— TASK ITEM —
Using only the records, tally the lines with "Blue" in them and state that total by itself.

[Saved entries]

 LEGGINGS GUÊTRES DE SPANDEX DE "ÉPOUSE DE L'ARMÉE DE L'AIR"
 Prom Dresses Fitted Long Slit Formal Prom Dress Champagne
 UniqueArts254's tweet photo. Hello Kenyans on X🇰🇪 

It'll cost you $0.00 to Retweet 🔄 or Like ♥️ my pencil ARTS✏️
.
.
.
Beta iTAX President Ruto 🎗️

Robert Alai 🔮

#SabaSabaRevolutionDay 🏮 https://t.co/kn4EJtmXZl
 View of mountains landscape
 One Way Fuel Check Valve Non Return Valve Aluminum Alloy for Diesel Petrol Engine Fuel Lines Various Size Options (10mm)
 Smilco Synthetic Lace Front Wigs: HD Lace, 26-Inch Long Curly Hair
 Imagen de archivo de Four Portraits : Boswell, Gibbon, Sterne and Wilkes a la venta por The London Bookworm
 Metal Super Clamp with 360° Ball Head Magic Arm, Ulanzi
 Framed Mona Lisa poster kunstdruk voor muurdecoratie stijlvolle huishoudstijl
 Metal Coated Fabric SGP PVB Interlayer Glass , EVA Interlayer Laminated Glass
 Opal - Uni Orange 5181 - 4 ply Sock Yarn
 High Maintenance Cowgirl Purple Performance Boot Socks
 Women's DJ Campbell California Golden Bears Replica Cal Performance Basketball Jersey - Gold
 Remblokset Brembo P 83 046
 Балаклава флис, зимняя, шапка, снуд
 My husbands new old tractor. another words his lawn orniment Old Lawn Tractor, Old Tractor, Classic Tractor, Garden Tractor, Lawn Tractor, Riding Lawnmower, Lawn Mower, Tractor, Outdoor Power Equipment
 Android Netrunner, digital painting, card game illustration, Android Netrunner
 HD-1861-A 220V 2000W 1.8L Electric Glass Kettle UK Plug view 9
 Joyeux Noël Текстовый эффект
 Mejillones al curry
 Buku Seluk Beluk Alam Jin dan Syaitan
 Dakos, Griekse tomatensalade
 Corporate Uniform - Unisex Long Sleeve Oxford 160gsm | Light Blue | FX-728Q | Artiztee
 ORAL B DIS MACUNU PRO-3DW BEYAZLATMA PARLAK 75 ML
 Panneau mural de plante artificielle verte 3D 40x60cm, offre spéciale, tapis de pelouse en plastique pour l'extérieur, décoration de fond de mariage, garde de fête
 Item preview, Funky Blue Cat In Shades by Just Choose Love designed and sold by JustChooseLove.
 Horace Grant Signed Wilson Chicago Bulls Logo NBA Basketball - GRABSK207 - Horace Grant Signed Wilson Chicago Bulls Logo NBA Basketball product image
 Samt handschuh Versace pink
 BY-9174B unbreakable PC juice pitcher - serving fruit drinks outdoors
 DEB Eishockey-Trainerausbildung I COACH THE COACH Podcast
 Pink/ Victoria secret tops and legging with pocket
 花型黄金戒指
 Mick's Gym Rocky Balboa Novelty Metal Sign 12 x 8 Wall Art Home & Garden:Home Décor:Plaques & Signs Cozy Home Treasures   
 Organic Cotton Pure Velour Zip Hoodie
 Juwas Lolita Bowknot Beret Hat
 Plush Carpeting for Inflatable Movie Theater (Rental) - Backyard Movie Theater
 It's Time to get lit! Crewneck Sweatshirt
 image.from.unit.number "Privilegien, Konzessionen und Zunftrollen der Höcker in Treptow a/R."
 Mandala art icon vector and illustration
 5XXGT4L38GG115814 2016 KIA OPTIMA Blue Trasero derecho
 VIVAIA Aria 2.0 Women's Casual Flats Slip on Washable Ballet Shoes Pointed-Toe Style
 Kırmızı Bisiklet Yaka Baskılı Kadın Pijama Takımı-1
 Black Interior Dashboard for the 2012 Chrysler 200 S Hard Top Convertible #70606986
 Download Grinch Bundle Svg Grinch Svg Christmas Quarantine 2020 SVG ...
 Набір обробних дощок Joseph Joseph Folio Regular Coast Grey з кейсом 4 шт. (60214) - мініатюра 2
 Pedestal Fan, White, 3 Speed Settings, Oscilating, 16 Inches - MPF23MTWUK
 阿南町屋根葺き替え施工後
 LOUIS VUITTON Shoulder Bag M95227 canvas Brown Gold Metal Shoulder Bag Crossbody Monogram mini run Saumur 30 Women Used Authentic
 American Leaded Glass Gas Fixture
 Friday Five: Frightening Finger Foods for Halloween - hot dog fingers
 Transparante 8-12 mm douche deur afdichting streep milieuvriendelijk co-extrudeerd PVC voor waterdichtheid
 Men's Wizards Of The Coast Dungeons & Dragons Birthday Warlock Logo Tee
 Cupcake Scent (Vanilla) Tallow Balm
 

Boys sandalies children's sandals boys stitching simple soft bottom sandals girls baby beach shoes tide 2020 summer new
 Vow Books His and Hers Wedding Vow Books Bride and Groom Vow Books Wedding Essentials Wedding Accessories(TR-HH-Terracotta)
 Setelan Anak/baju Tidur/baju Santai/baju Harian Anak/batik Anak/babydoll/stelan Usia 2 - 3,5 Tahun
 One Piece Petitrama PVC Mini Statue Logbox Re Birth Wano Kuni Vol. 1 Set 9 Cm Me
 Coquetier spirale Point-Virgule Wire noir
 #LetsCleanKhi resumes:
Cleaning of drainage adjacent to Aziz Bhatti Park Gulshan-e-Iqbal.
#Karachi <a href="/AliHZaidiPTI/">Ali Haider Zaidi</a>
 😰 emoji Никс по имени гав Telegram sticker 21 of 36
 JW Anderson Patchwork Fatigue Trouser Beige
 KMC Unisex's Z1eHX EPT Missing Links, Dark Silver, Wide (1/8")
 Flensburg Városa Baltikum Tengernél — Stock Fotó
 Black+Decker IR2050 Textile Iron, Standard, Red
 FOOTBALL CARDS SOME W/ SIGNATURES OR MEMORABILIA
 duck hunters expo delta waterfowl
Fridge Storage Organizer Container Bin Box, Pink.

— WRITTEN RESPONSE —
3